Release 2023.10
Release Information
- Expected release date of Data Quality & Observability Classic 2023.10: October 29, 2023
- Publication dates:
- Release notes: October 22, 2023
- Documentation Center: October 27, 2023
Highlights
- Pushdown
We're excited to announce that Pushdown for Trino is now available as a public preview offering! Pushdown is an alternative compute method for running DQ jobs, where Collibra DQ submits all of the job's processing directly to a SQL data warehouse, such as Trino. When all of your data resides in Trino, Pushdown reduces the amount of data transfer, eliminates egress latency, and removes the Spark compute requirements of a DQ job.
Migration Updates
Important This section only applies if you are upgrading from a version older than Collibra DQ 2023.09 on Spark Standalone. If you have already followed these steps during a previous upgrade, you do not have to do this again.
We have migrated our code to a new repository for improved internal procedures and security.
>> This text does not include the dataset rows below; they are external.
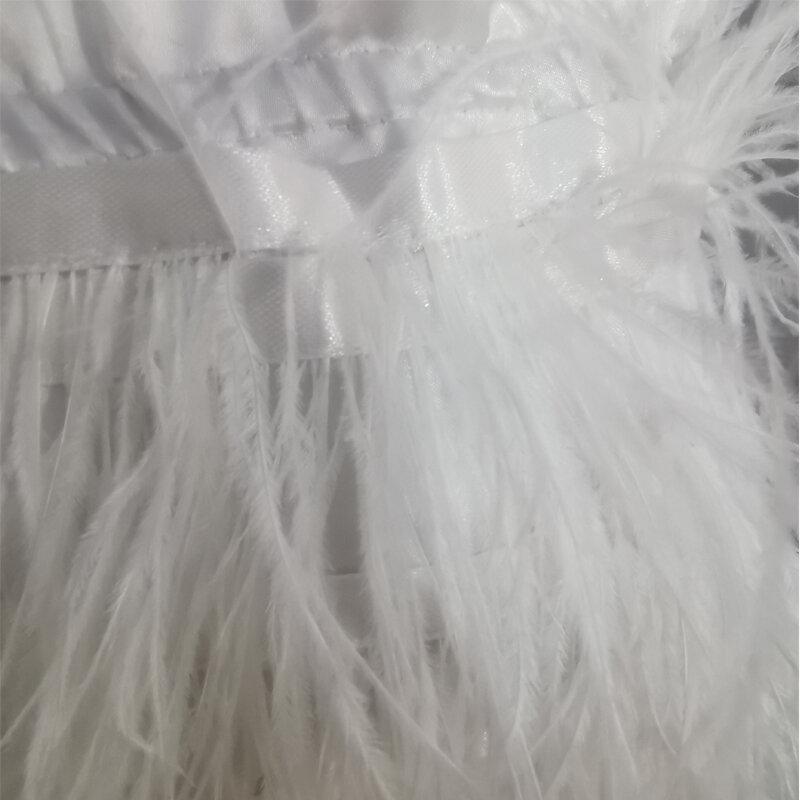 New 100% natural ostrich hair bra underwear women's fur coat real ostrich fur coat fur mini skirt Suitable for weddings banqquet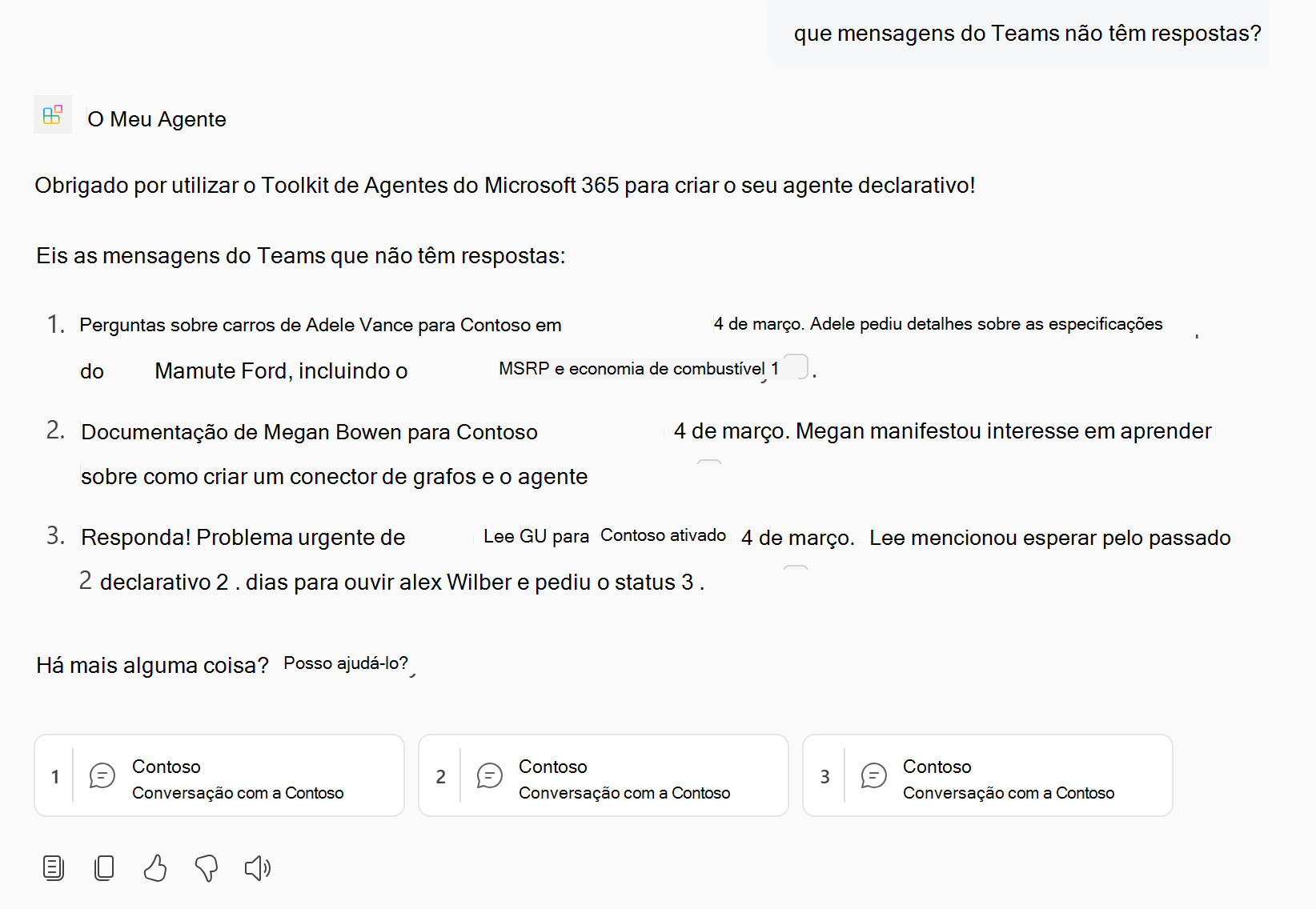 Uma captura de tela mostrando uma resposta do agente declarativo que contém conteúdo do Teams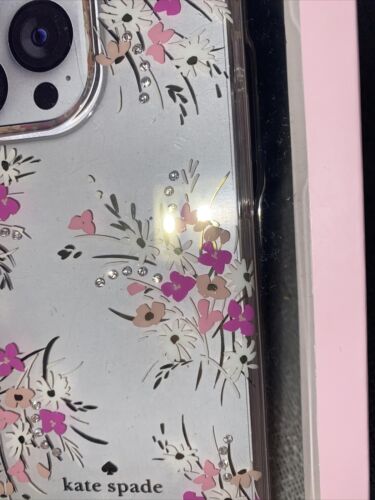 Kate Spade Phone Case 13 Pro Floral Metallic Rhinestones￼ iPhone NIB BEAUTIFUL!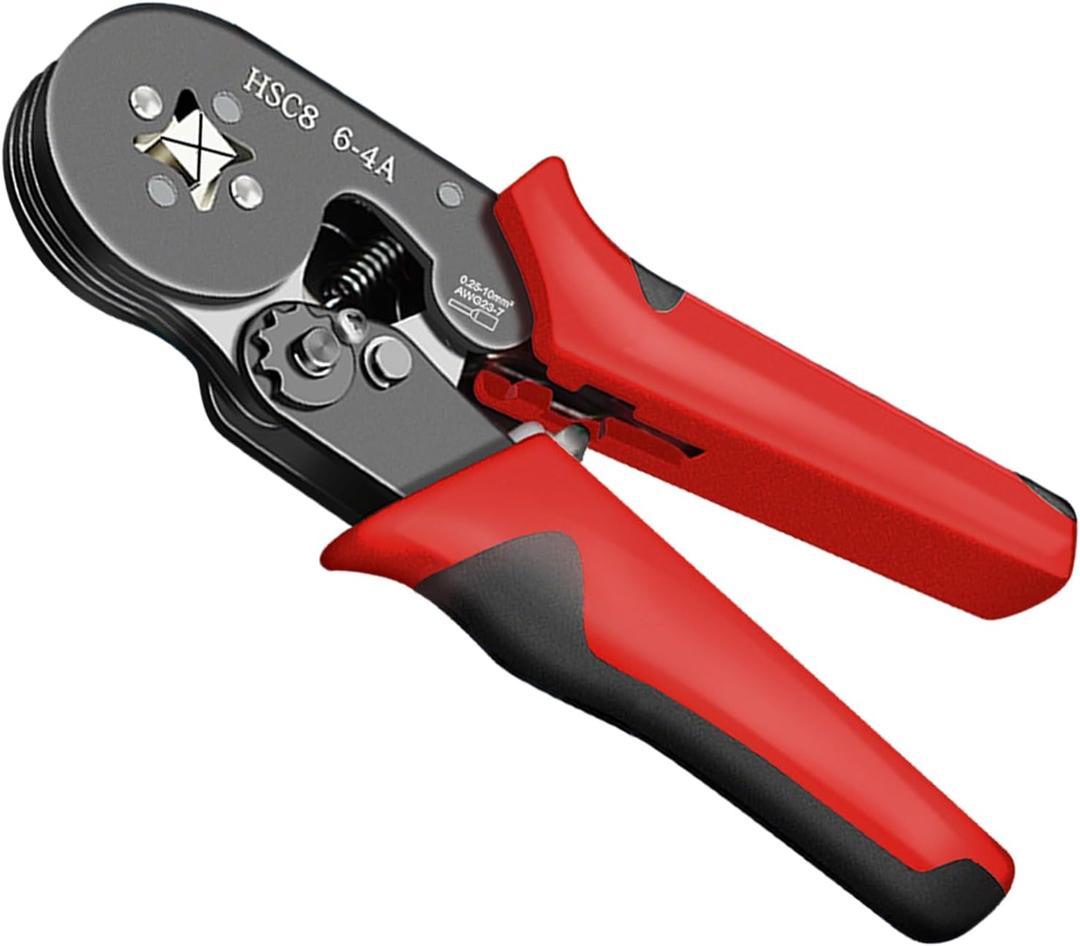 Ferrule Crimping Tool AWG 23-7 (0.25-10mm), Self-Adjusting Ratchet Wire Ferrule Crimper with Square Crimp Profile, Electrical Terminal Crimping Tool for Electrician, Control Panel & Industrial Wiring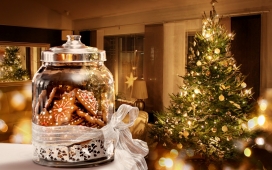 高清晰圣诞甜品罐壁纸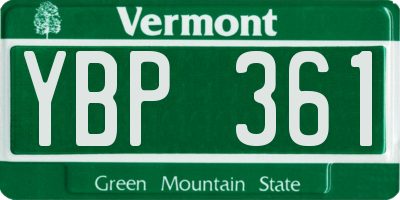VT license plate YBP361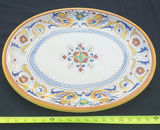 Ceramic Majolica-style serving set: oval platter and six wedge dishes - thumbnail 4 of 5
Because owl-env.sh jar files are now prepended with dq-*
instead of owl-*
, if you have automation procedures in place to upgrade Collibra DQ versions, you can use the RegEx replace regex=r"owl-.*-202.*-SPARK.*\.jar|dq-.*-202.*-SPARK.*\.jar"
to update the jars.
Additionally, please note the following:
- Standalone Upgrade Steps When upgrading from a Collibra DQ version before 2023.09 to a Collibra DQ version 2023.09 or later on Spark Standalone, the upgrade steps have changed.
- Open a terminal session.
- Move the old jars from the owl/bin folder with the following commands.
- Copy the new jars into the owl/bin folder from the extracted package.
- Copy the latest
owlcheck
andowlmanage.sh
to /opt/owl/bin directory. - Start the Collibra DQ Web application.
- Start the Collibra DQ Agent.
- Validate the number of active services.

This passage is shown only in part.